Don Larsen, 27, who didn’t last through the second inning in game two was pitching for the Yankees, and Sal Maglie was on the mound for Brooklyn. The odds favored the latter as the 39-year-old veteran posted a 13-6 record with a nifty 2.89 ERA in 1956. It was the seventh winning season for Maglie, who had 108 career victories at the time and only lost 49 times. Larsen’s career record was an unimpressive 30 wins and 40 losses.
There was no score the first time I went to the gas station and no one huddled around the radio. This time there were a couple of customers and attendants. I soon learned that Larsen was pitching a perfect game, no runs, no hits, no errors and not a single Brooklyn player reached first base safely via a walk (base on balls). I was able to hear the end of the historic game that the Yankees won 2-0.
I ran back to the yeshiva and headed to the classroom. I encountered my next Hebrew studies teacher in the hallway. He was a street-smart New Yorker and a big Yankees fan who moved to town two years earlier. “How’s the game going?” he asked. “The Yankees won 2-0 and Larsen pitched a perfect game,” I answered. Rabbi K. responded by slapping me across the face and said, “don’t lie.”
I felt it but thought it was funny. After all, who would believe that Larsen could face Roy Campanella, Carl Furillo, Gil Hodges, Pee Wee Reese, Jackie Robinson, Duke Snider and the rest of the lineup without yielding a hit. I couldn’t wait for the next day and an apology. The apology never came and he stayed in Detroit until his passing some 50 years after that historic October 8, 1956, game.
About 20 years after the Larsen gem, I was schmoozing with United Press International’s baseball writer, Milt Richman prior to a game at Yankee Stadium. Milt related that he adopted Larsen as a favorite player when the pitcher was with the lowly St. Louis Browns a couple of years before he was traded to the Yankees. No one bothered no-name players and a bad team. Richman, however, would speak and meet with Larsen whenever he could and even invited Larsen to his parents’ home on Tremont Avenue in the Bronx to enjoy a kosher dinner.

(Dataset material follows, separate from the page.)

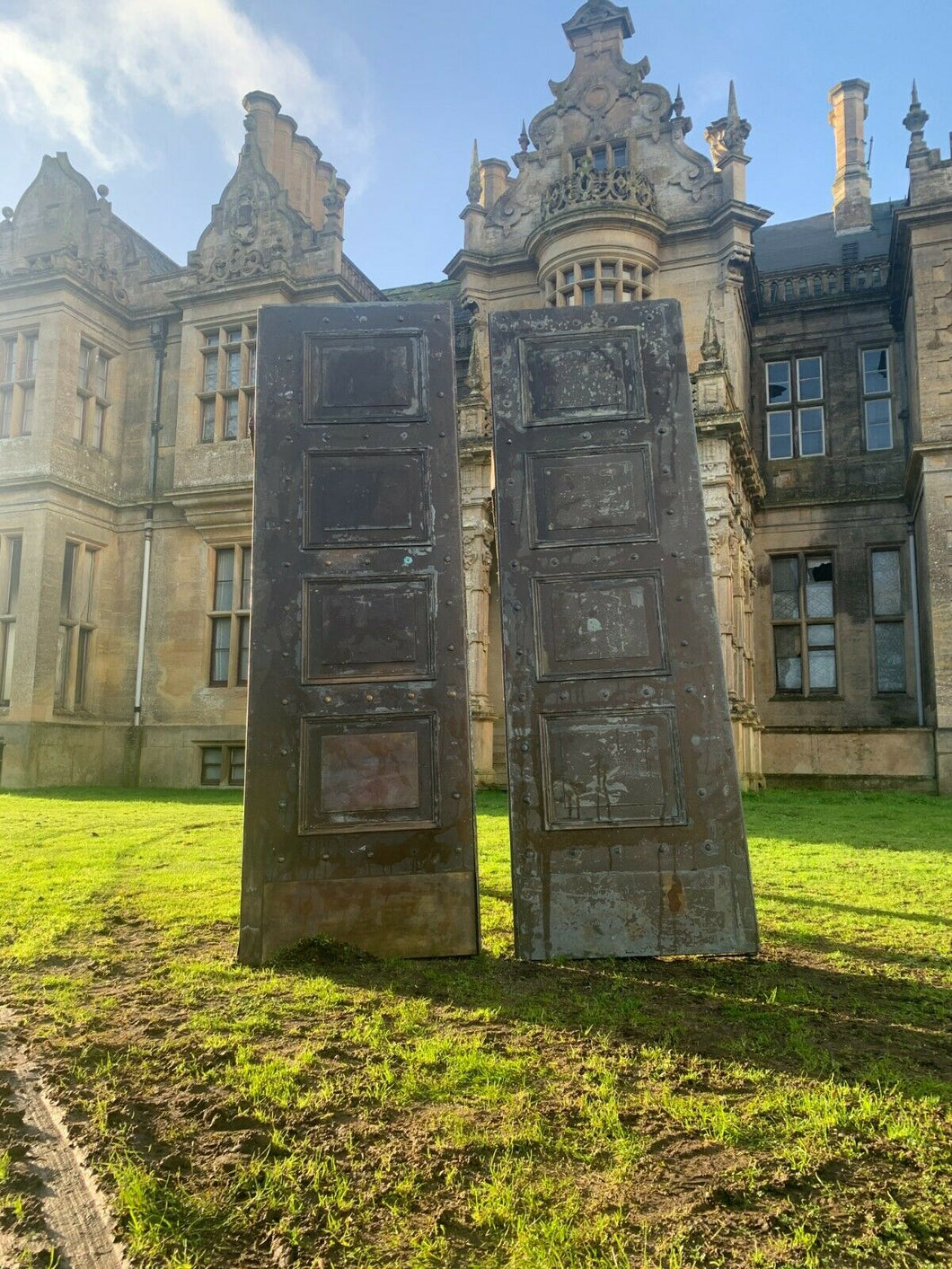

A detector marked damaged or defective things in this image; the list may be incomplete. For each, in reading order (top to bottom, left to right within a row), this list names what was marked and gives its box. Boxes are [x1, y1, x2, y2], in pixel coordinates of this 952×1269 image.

The night before the perfect game, Larsen dined with the Richmans and told the future writer that he was going to pitch a no-hitter the next afternoon. He pulled out a dollar from his wallet and instructed Milt to give it to his mother for a donation to her synagogue.
So armed with confidence and a donated dollar to receive help from above, Larsen made his way to the pitching mound in front of 65,419 paying fans and pitched the only perfect game in World Series history.
And it was the only time in my history that I didn’t deserve a slap in the face from a teacher.